Menyadarkan Konsekuensi atas Kesalahan

Parenting – Menyadarkan konsekuensi atas kesalahan. Sampai saat ini, manusia tetaplah makhluk yang penuh kesalahan, bahkan tempat salah dan lupa.

  1. Setiap manusia melakukan kesalahan 

Jangankan manusia biasa, seorang Nabi pun melakukan kesalahan. Nabi Adam ketika masih hidup di surga melakukan kesalahan dengan melanggar aturan Allah. Allah telah mengingatkan agar Nabi Adam tidak mendekati satu pohon di sana, tetapi Nabi Adam memetik buah dari pohon itu dan memakannya atas hasutan Iblis yang tak pernah berhenti merayunya. 

Kita sebagai orang tua pasti pernah melakukan kesalahan, baik kesalahan umum sebagai seorang manusia maupun kesalahan dalam hubungan dengan peran sebagai orang tua. Menyadari hal ini, kita pun dapat memahami bahwa anak juga manusia biasa yang suatu saat akan melakukan kesalahan. Kita tidak bisa mengharap anak kita terus menerus berbuat benar, berkata benar, bersikap baik dan membanggakan orang tuanya. Ia adalah anak turun kita, yang suatu saat akan pernah melakukan  kesalahan sebagaimana orang tuanya dan manusia-manusia yang lain.

  1. Sikap ketika bersalah 

Yang paling penting dari perbuatan salah adalah sikap setelah perbuatan salah itu terjadi.  Ketika Nabi Adam melakukan kesalahan, yang ia lakukan adalah menyadari kesalahannya kemudian bertaubat memohon ampun kepada Allah. Selanjutnya, ia tetap bersedia menerima konsekuensi dari kesalahannya itu, yaitu turun ke bumi dengan kewajiban tetap taat beribadah kepada Allah

Sikap manusia ketika bersalah adalah mengakui kesalahannya, bukan menutupi atau bertahan dalam perasaan tidak bersalah dengan mengemukakan berbagai alasan pembelaan diri.

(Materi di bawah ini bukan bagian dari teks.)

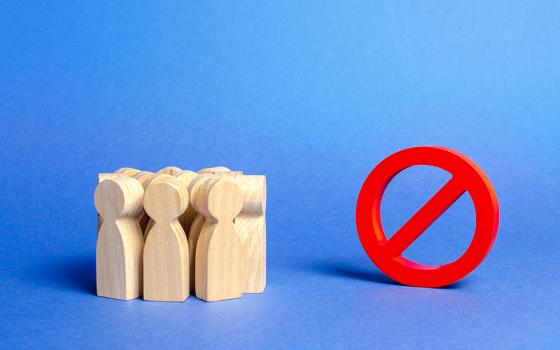 A group of wooden figures representing people stand to the side of a large red "no" symbol (Dreamstime/Andrii Yalanskyi)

Setelah pengakuan, sikap paling baik adalah bertaubat, yaitu kesediaan untuk tidak mengulangi lagi perbuatan itu dalam kondisi apapun sampai waktu kapanpun. Taubat ini beriring dengan sikap besar hati menerima hukuman atau akibat dari perbuatannya. Hukuman ini tidak mengurangi ketaatan atau menurunnya semangat untuk tetap berbuat baik. 

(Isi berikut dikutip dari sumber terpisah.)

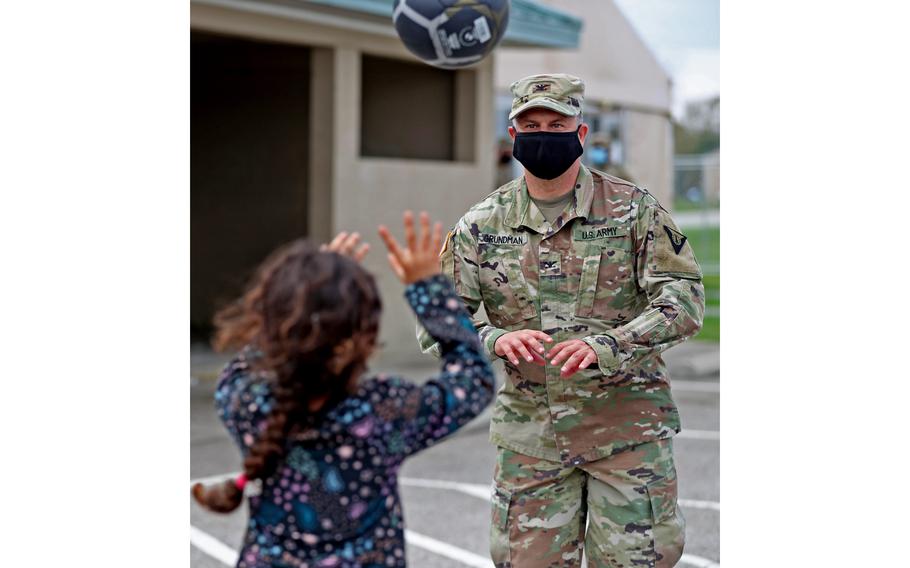 Children play volleyball with soldiers and others outside an Operation Allies Welcome community building Thursday, Oct. 14, 2021, at Camp Atterbury in Edinburgh, Ind.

Biasakan anak berani mengakui  kesalahannya, dan berbesar hati menerima konsekuensi atas perbuatannya. Orang tualah yang mengawali memberi contoh pengakuan kesalahan ketika bersalah dan meminta maaf.    

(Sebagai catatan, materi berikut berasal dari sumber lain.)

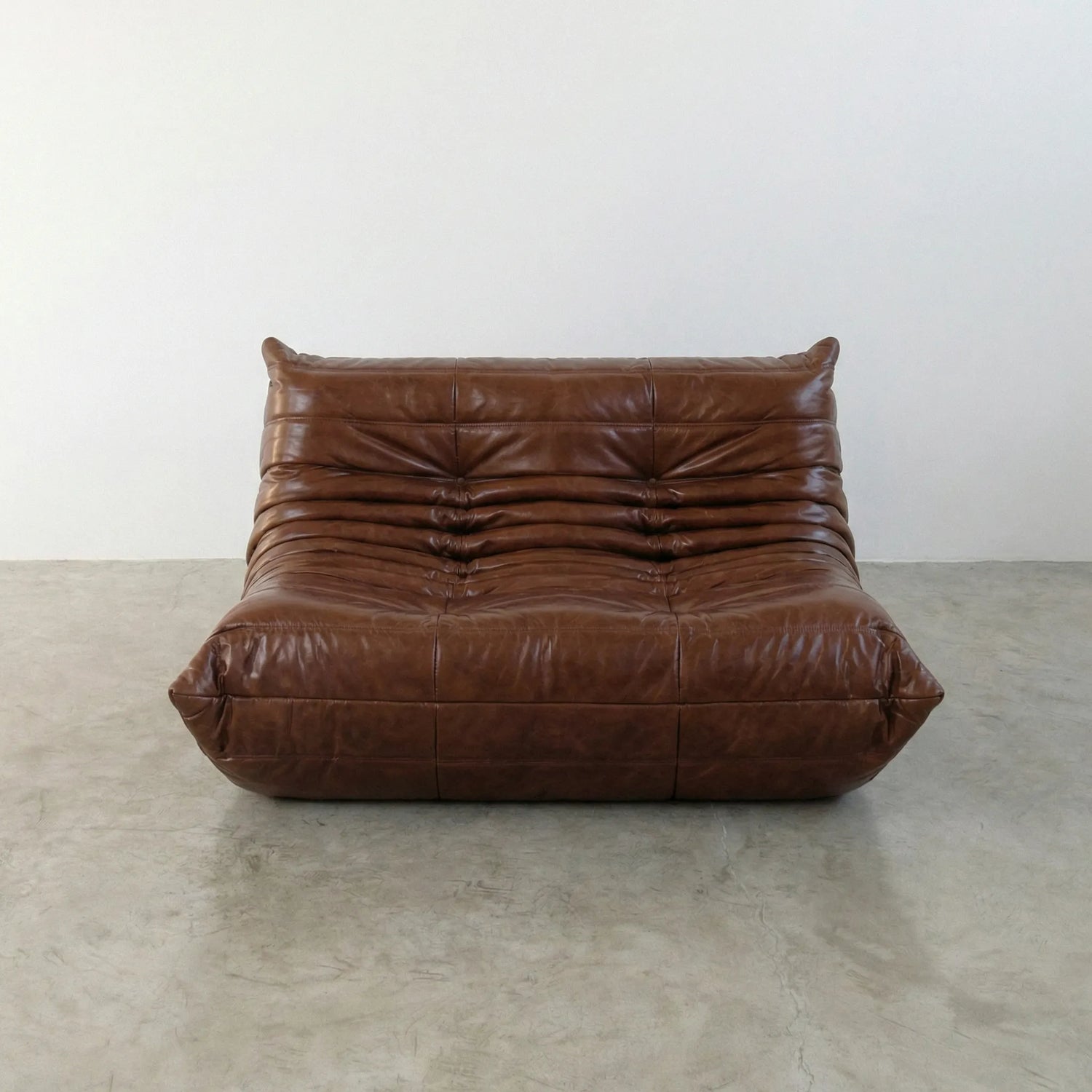 Brown togo sofa in leather on a concrete floor with a white wall background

  1. Kesalahan mengandung konsekuensi

Jangan membiarkan anak berbuat salah. Pembiaran terhadap perbuatan salah dapat mengakibatkan anak beranggapan bahwa perbuatannya itu memang boleh, atau ia menganggap bahwa perbuatan salah adalah kebolehan yang wajar. 

Secara bertahap, perbaiki kesalahan anak dengan, 

  • Meluruskan kesalahannya secara langsung jika memungkinkan, atau menunda beberapa saat untuk menemukan suasana yang paling tepat. Mengoreksi kesalahan pada saat anak tidak siap (misalnya sedang marah) biasanya tidak banyak berpengaruh mengubah sikap anak. Ia dalam keadaan emosi sehingga kurang dapat memahami apa yang anda sampaikan. 
  • Memberi peringatan atau nasehat. Anda mengingatkan bahwa perbuatannya salah, menunjukkan letak kesalahannya dan memintanya untuk tidak mengulanginya. Hindari menasehati atau memperingatkan anak di depan teman-teman atau banyak orang  untuk tetap menjaga harga dirinya. Bagi anak, mendapat peringatan atau nasehat di hadapan banyak orang dapat bermakna mempermalukannya. Ia akan jatuh harga dirinya, tertekan, dan boleh jadi semakin tidak mempercayai dengan Anda.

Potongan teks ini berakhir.